## MATERIAL SUPPLIED:
▼▼▼

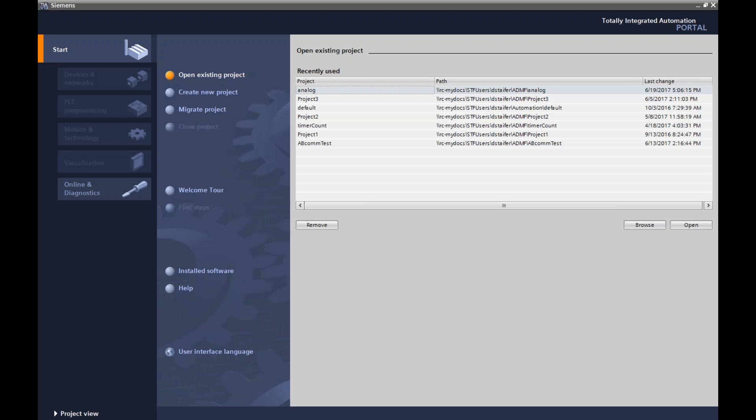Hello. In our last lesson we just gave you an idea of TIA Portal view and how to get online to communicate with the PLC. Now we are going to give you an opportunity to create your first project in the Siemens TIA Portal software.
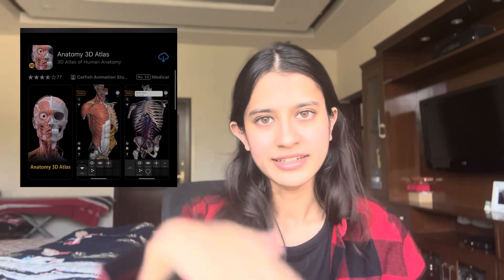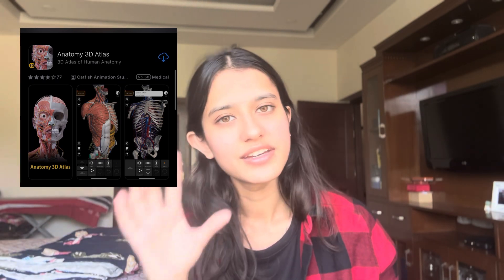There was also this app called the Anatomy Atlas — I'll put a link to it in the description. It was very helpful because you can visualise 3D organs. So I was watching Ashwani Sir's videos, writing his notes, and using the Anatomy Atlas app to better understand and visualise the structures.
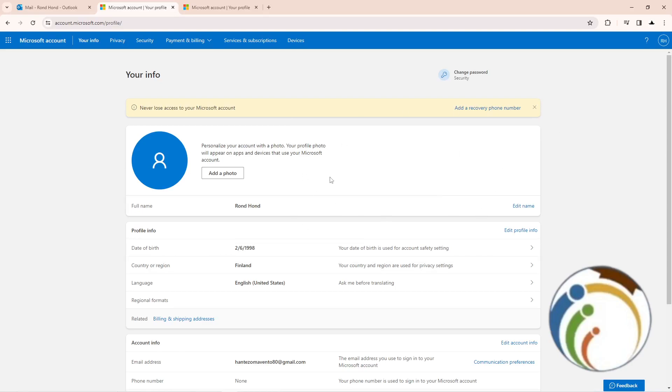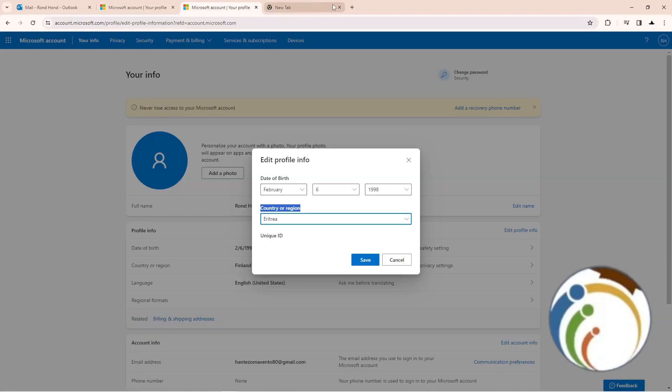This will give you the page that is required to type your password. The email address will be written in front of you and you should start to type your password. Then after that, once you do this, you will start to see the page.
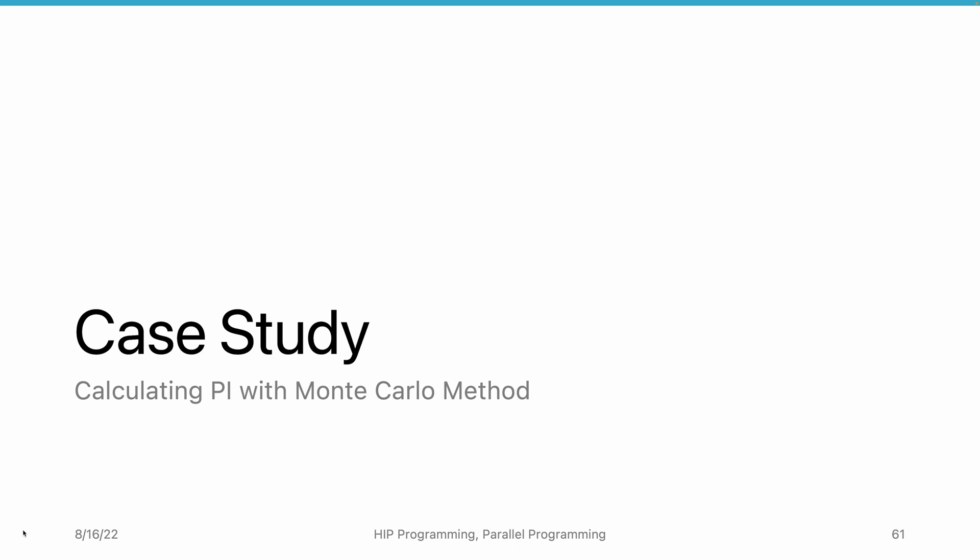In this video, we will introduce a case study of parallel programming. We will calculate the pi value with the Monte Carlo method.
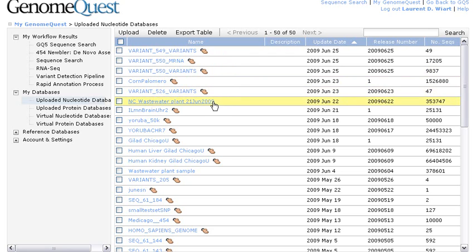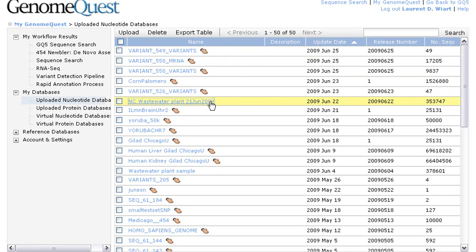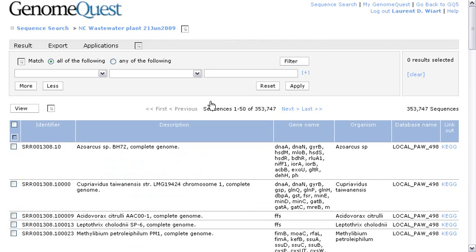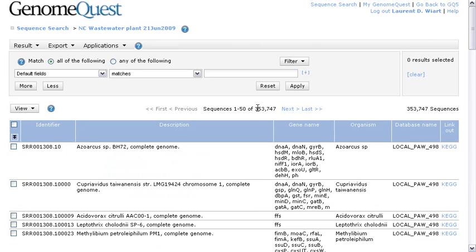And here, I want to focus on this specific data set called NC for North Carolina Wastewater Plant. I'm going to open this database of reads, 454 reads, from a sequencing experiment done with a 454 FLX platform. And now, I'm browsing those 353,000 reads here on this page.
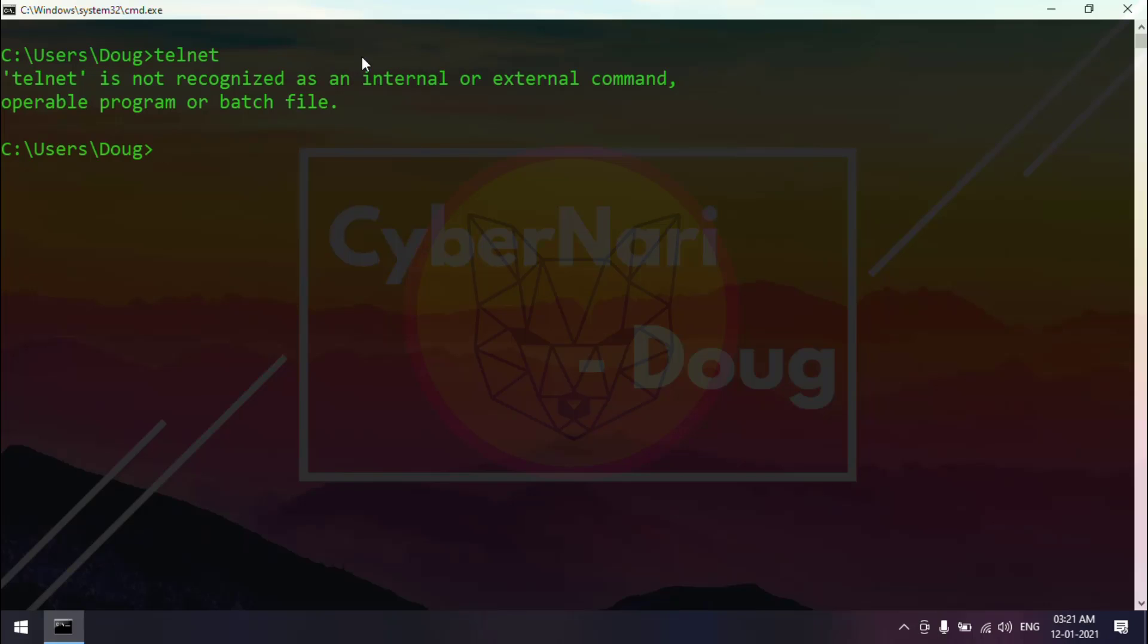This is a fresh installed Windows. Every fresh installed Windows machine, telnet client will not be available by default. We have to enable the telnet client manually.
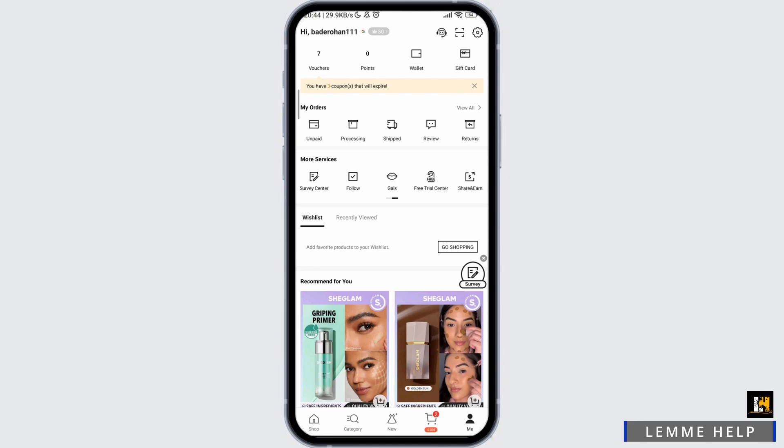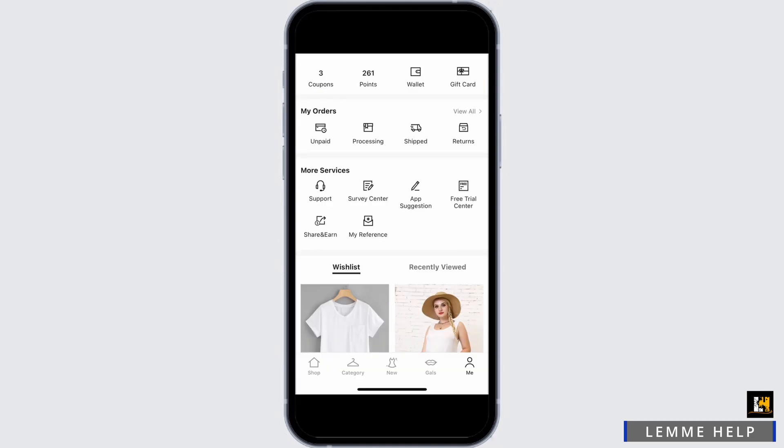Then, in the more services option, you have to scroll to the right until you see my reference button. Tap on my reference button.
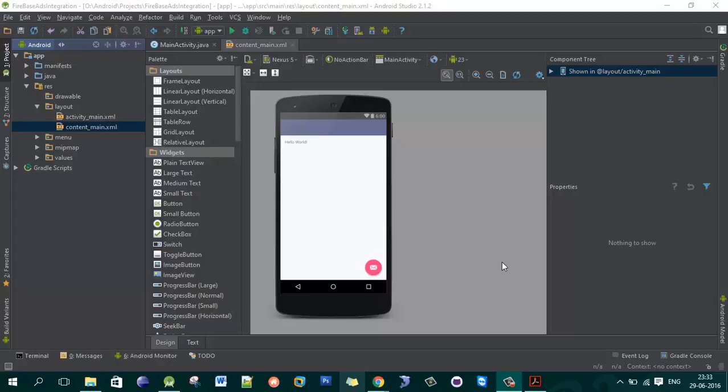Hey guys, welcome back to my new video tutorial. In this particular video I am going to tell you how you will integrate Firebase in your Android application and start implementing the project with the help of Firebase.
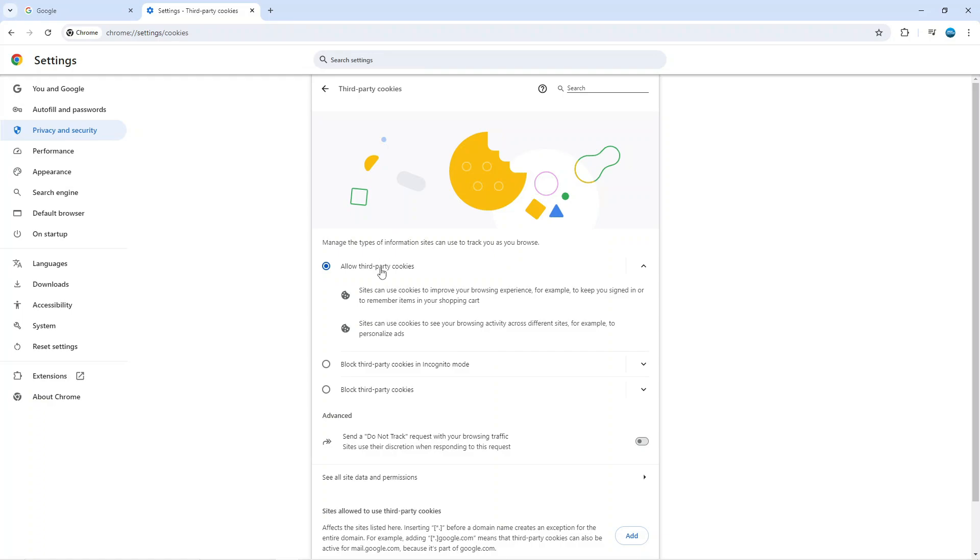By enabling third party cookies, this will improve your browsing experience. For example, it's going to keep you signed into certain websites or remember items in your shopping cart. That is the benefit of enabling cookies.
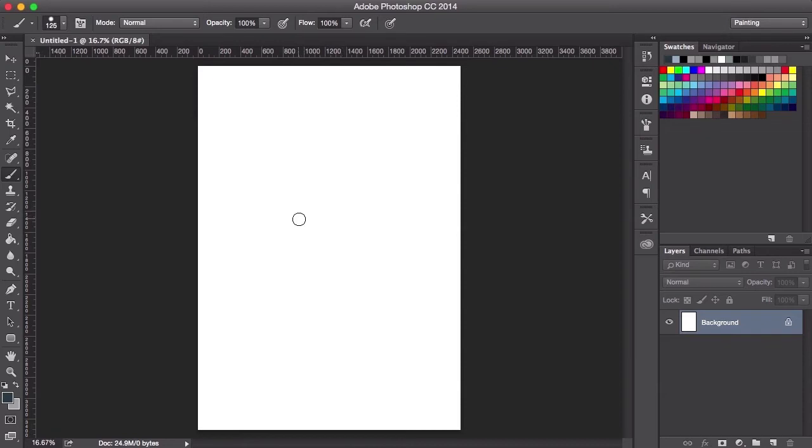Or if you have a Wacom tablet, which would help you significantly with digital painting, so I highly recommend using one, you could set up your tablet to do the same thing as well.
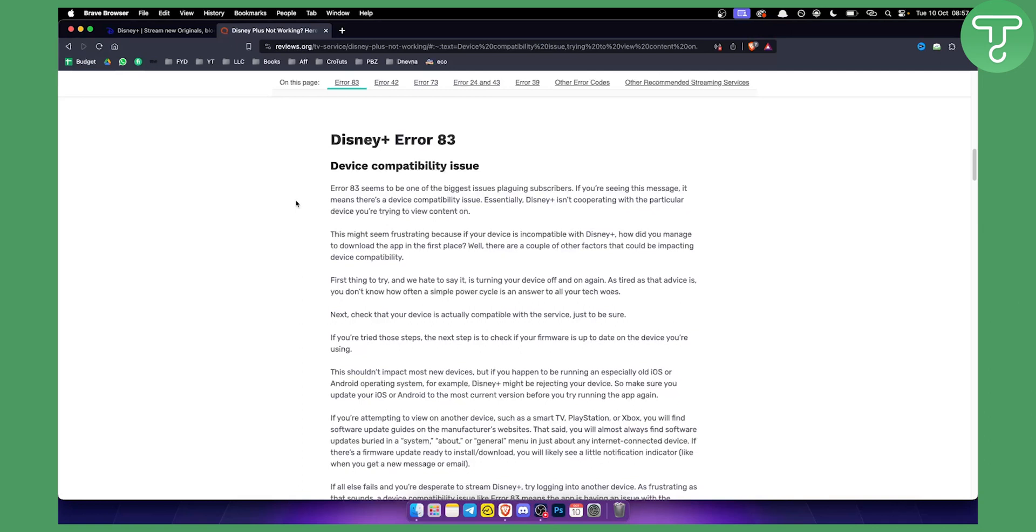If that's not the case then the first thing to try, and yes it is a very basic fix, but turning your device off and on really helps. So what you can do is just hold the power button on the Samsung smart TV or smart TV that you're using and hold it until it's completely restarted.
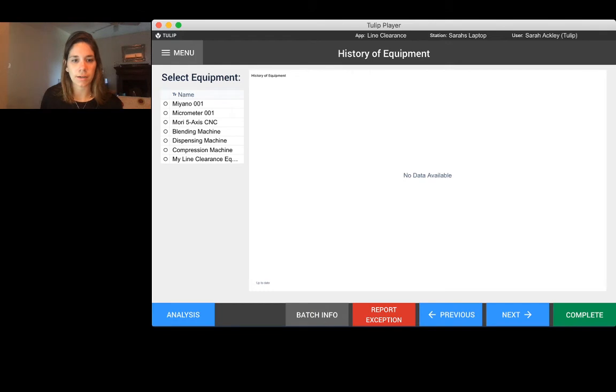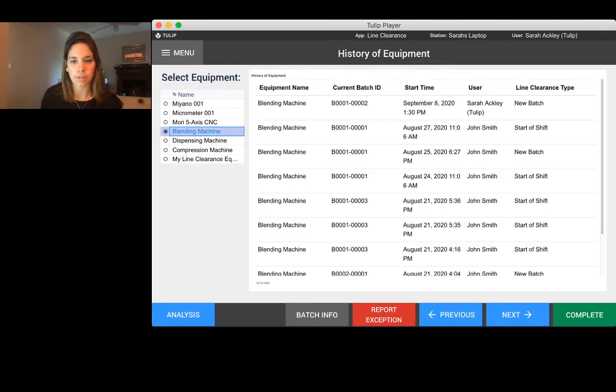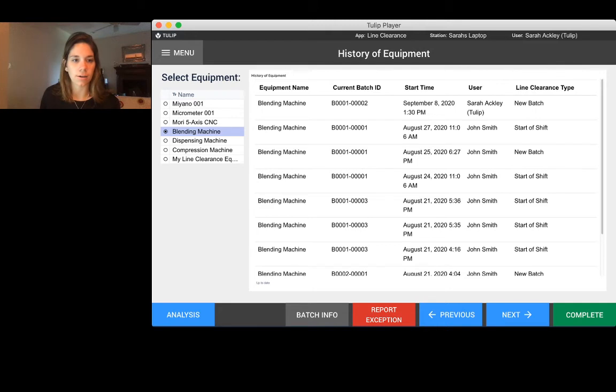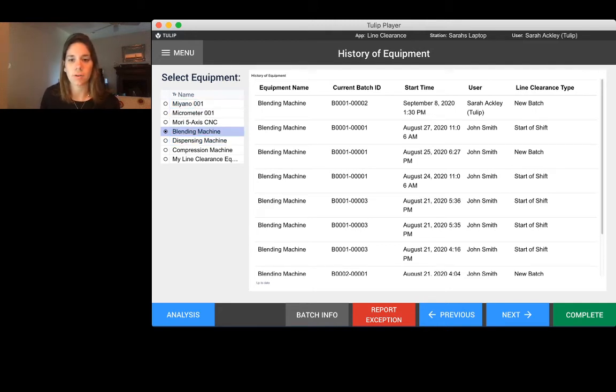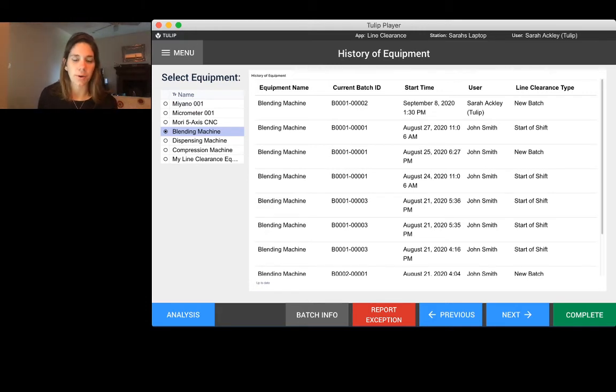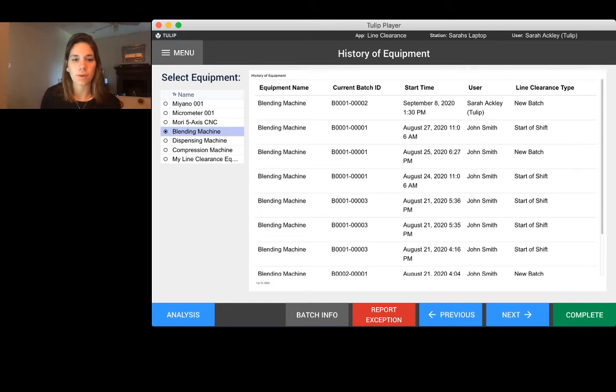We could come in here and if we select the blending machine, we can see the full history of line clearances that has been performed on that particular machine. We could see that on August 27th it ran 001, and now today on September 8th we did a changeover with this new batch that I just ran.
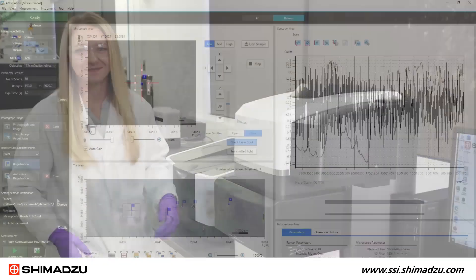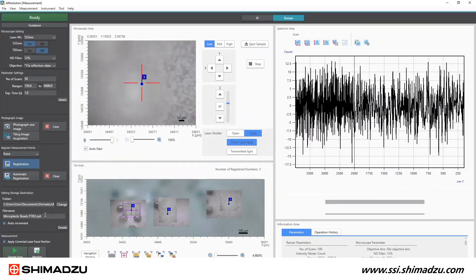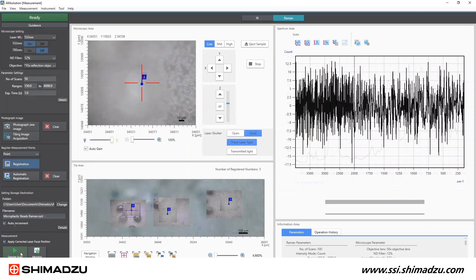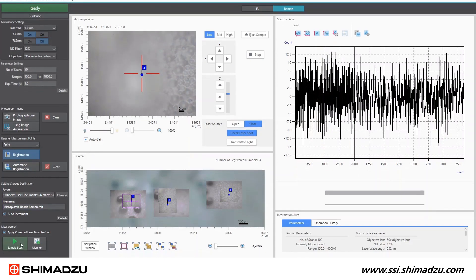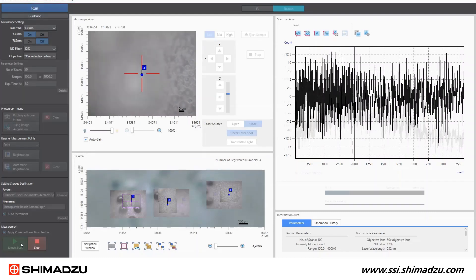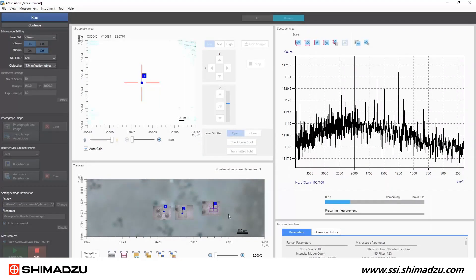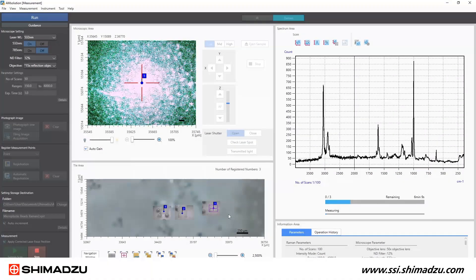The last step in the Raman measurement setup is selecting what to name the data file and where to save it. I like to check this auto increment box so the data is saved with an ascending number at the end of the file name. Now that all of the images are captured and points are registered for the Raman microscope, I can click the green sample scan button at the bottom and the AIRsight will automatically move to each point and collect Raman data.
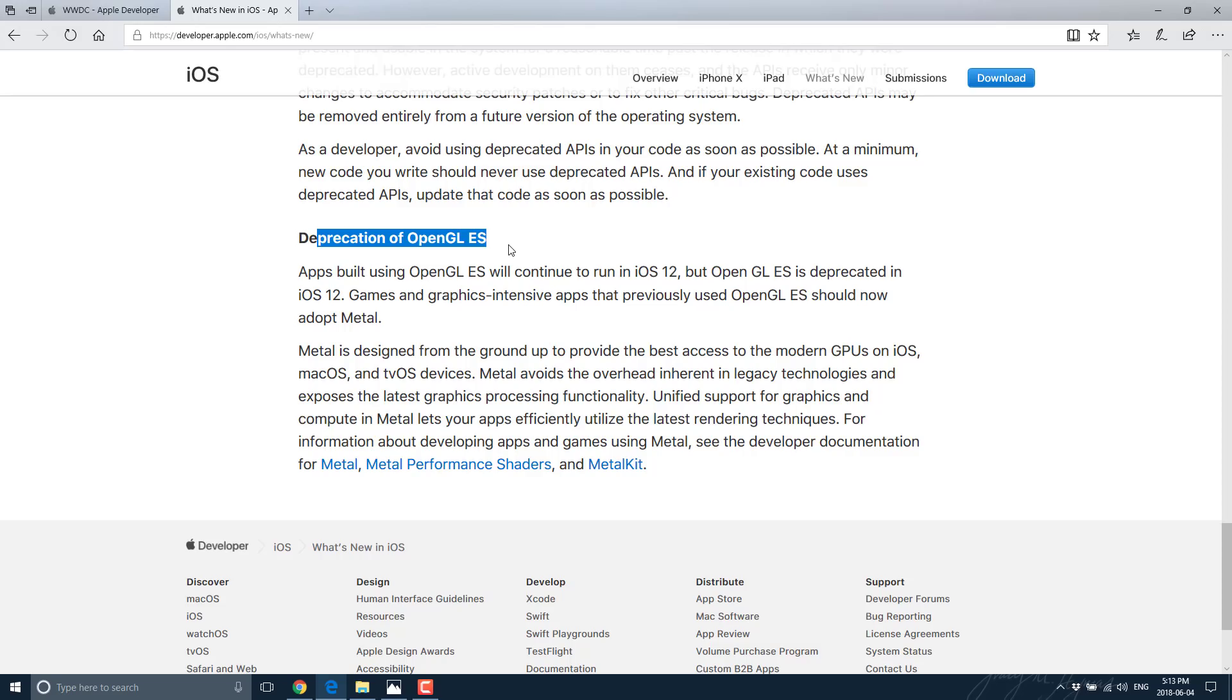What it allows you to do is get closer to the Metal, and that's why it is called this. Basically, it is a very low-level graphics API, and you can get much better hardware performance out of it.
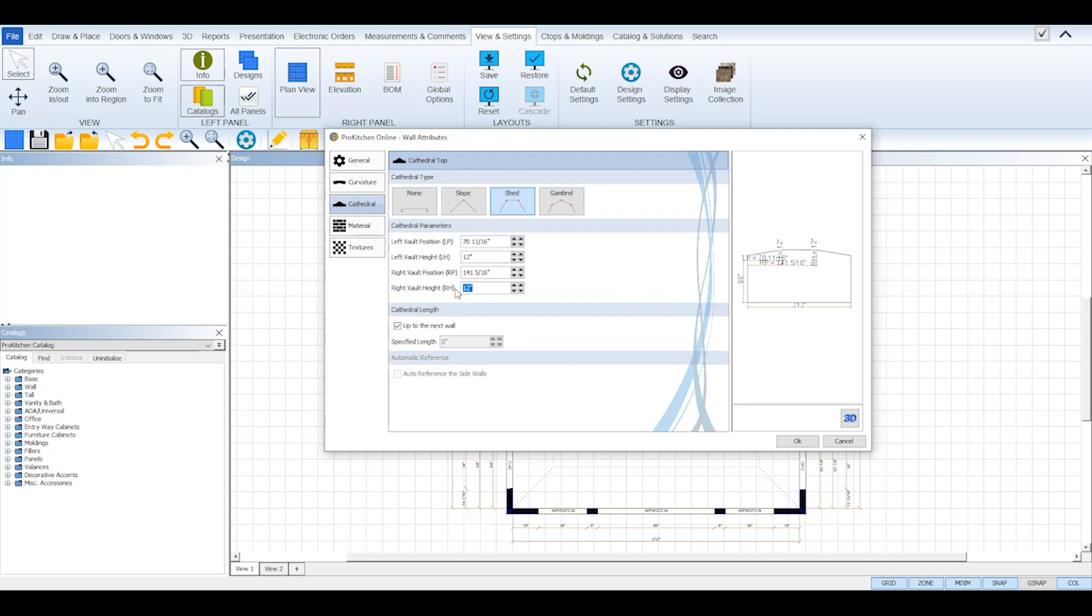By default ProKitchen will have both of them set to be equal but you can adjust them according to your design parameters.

▲▲▲

## TASK INSTRUCTIONS:
All of the records above should be returned exactly, though the pictures should not.

## EXERCISE OUTPUT:
Hello. In our last lesson we just gave you an idea of TIA Portal view and how to get online to communicate with the PLC. Now we are going to give you an opportunity to create your first project in the Siemens TIA Portal software.
There was also this app called the Anatomy Atlas — I'll put a link to it in the description. It was very helpful because you can visualise 3D organs. So I was watching Ashwani Sir's videos, writing his notes, and using the Anatomy Atlas app to better understand and visualise the structures.
This will give you the page that is required to type your password. The email address will be written in front of you and you should start to type your password. Then after that, once you do this, you will start to see the page.
In this video, we will introduce a case study of parallel programming. We will calculate the pi value with the Monte Carlo method.
And here, I want to focus on this specific data set called NC for North Carolina Wastewater Plant. I'm going to open this database of reads, 454 reads, from a sequencing experiment done with a 454 FLX platform. And now, I'm browsing those 353,000 reads here on this page.
This is a fresh installed Windows. Every fresh installed Windows machine, telnet client will not be available by default. We have to enable the telnet client manually.
Then, in the more services option, you have to scroll to the right until you see my reference button. Tap on my reference button.
Hey guys, welcome back to my new video tutorial. In this particular video I am going to tell you how you will integrate Firebase in your Android application and start implementing the project with the help of Firebase.
By enabling third party cookies, this will improve your browsing experience. For example, it's going to keep you signed into certain websites or remember items in your shopping cart. That is the benefit of enabling cookies.
Or if you have a Wacom tablet, which would help you significantly with digital painting, so I highly recommend using one, you could set up your tablet to do the same thing as well.
If that's not the case then the first thing to try, and yes it is a very basic fix, but turning your device off and on really helps. So what you can do is just hold the power button on the Samsung smart TV or smart TV that you're using and hold it until it's completely restarted.
We could come in here and if we select the blending machine, we can see the full history of line clearances that has been performed on that particular machine. We could see that on August 27th it ran 001, and now today on September 8th we did a changeover with this new batch that I just ran.
The last step in the Raman measurement setup is selecting what to name the data file and where to save it. I like to check this auto increment box so the data is saved with an ascending number at the end of the file name. Now that all of the images are captured and points are registered for the Raman microscope, I can click the green sample scan button at the bottom and the AIRsight will automatically move to each point and collect Raman data.
What it allows you to do is get closer to the Metal, and that's why it is called this. Basically, it is a very low-level graphics API, and you can get much better hardware performance out of it.
By default ProKitchen will have both of them set to be equal but you can adjust them according to your design parameters.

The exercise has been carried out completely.